Your assignment:
Extract only the lines running from the top of the entries to the line that holds "на легендарниот воз". Include that line and omit the pictures.

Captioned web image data
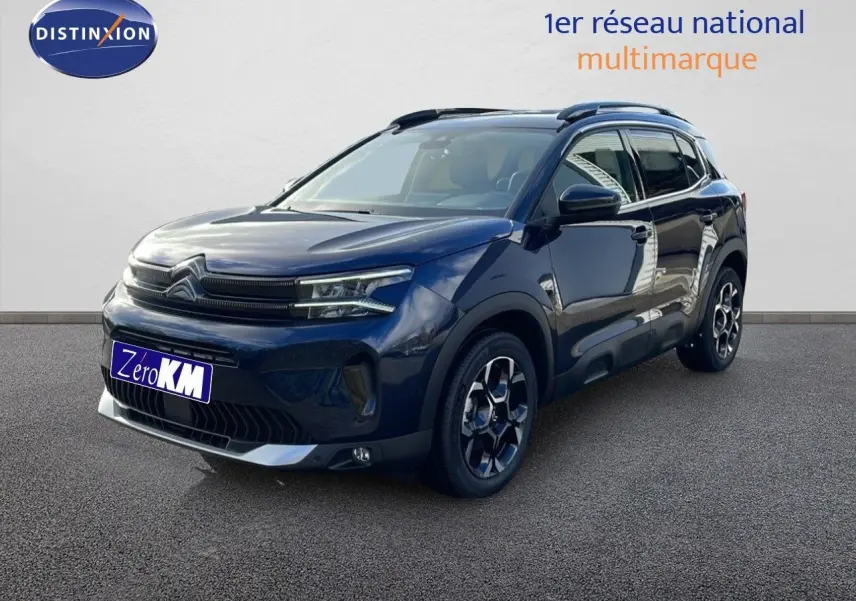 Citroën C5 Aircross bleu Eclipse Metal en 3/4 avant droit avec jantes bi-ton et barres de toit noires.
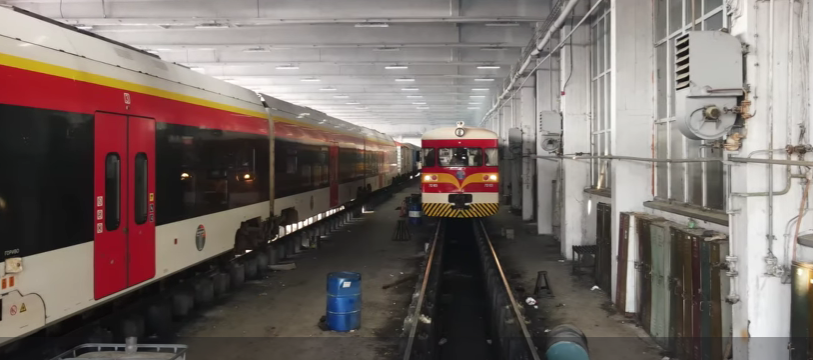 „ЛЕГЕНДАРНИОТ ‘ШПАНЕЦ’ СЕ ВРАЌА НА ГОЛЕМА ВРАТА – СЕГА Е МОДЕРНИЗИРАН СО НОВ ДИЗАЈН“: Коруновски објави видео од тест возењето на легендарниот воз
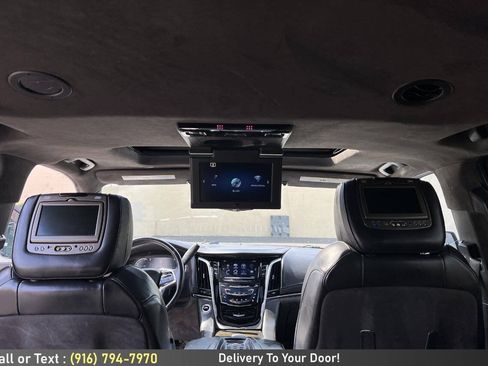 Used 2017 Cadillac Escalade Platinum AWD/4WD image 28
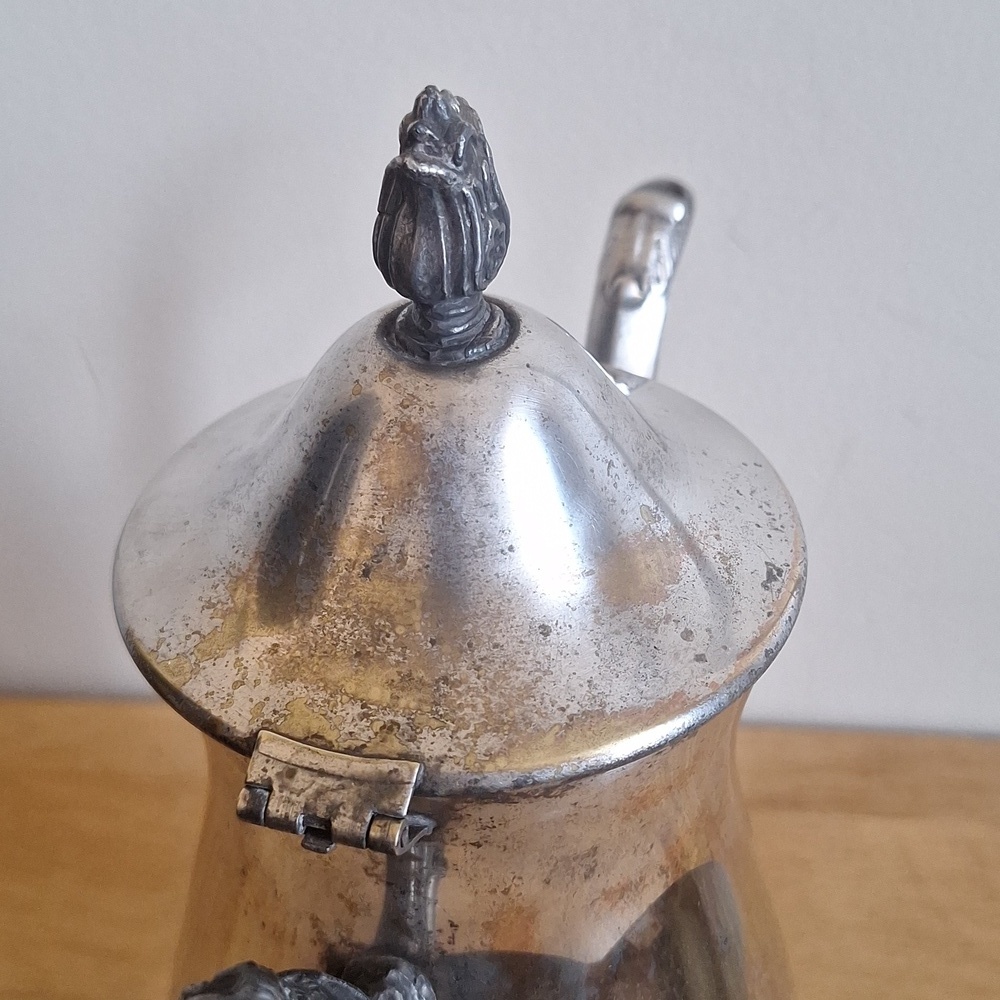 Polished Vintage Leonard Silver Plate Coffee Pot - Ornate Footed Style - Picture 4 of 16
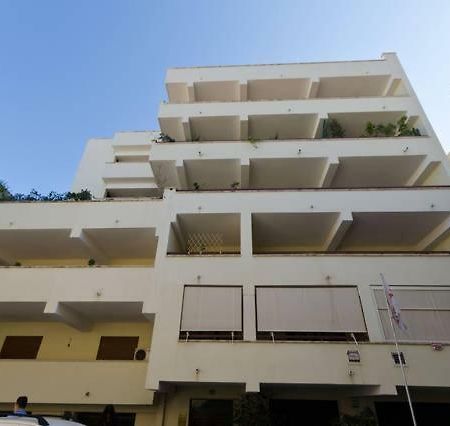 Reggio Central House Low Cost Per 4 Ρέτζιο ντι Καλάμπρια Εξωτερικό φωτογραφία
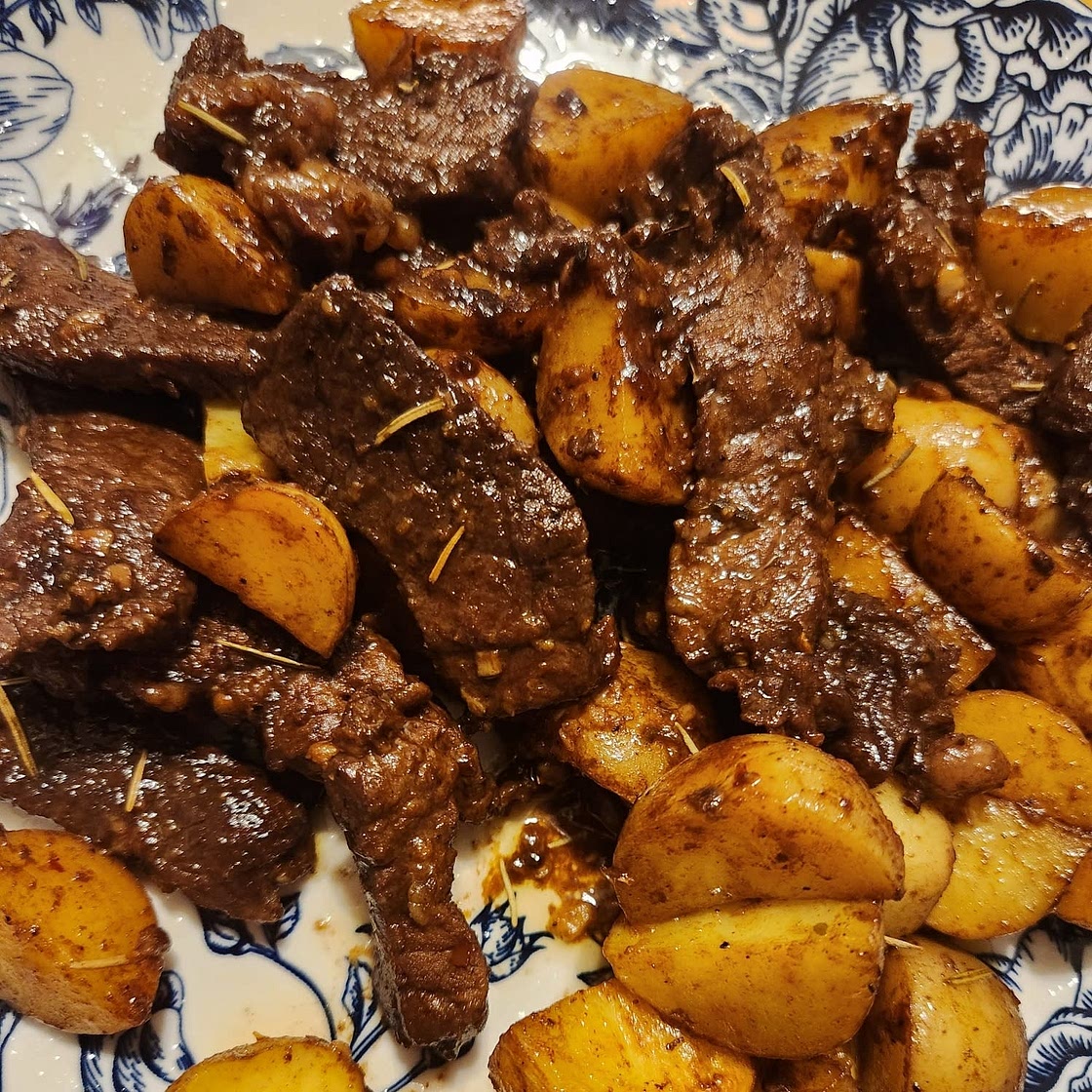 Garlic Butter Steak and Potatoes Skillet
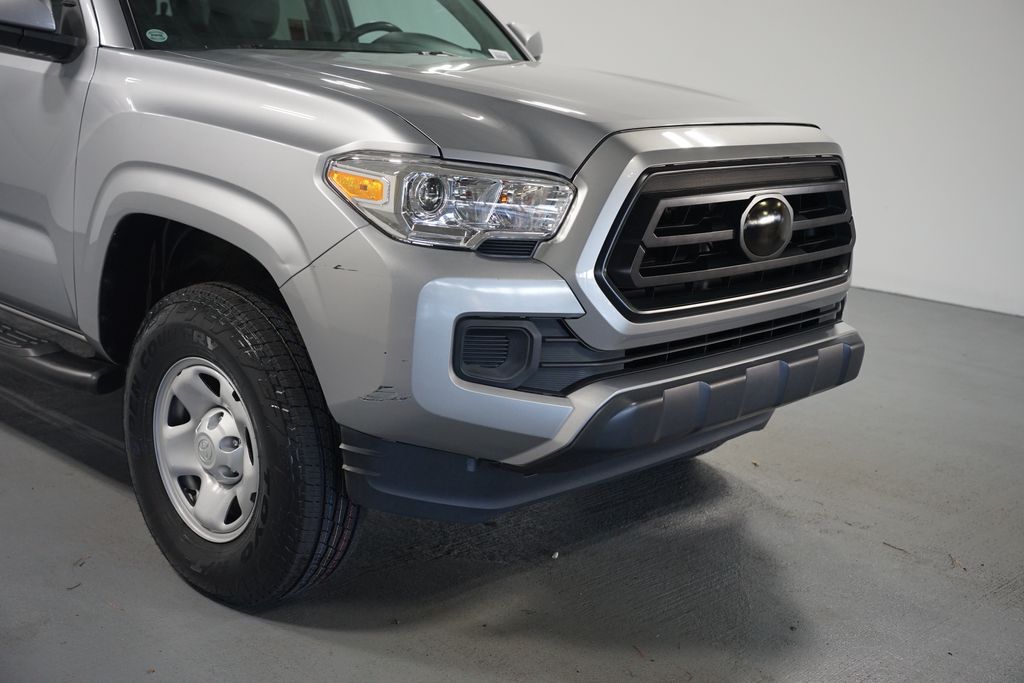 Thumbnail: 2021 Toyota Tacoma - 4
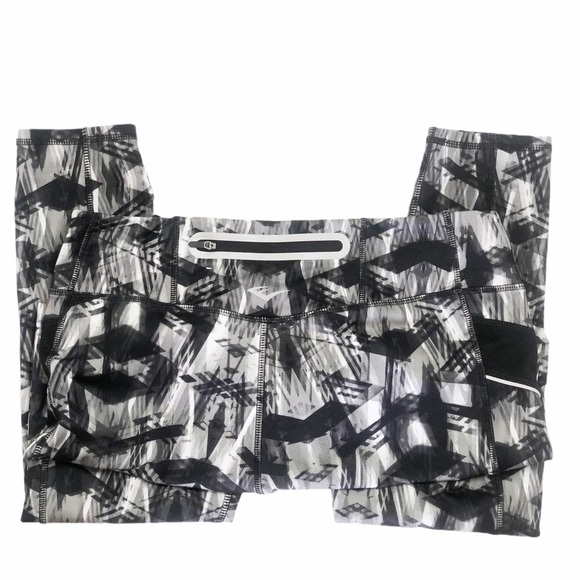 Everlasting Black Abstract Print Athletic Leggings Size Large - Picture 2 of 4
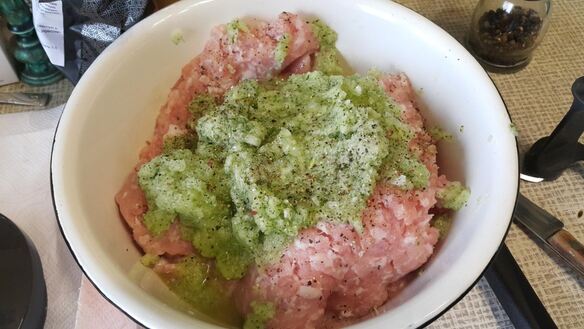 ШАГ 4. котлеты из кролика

The answer:
 Citroën C5 Aircross bleu Eclipse Metal en 3/4 avant droit avec jantes bi-ton et barres de toit noires.
 „ЛЕГЕНДАРНИОТ ‘ШПАНЕЦ’ СЕ ВРАЌА НА ГОЛЕМА ВРАТА – СЕГА Е МОДЕРНИЗИРАН СО НОВ ДИЗАЈН“: Коруновски објави видео од тест возењето на легендарниот воз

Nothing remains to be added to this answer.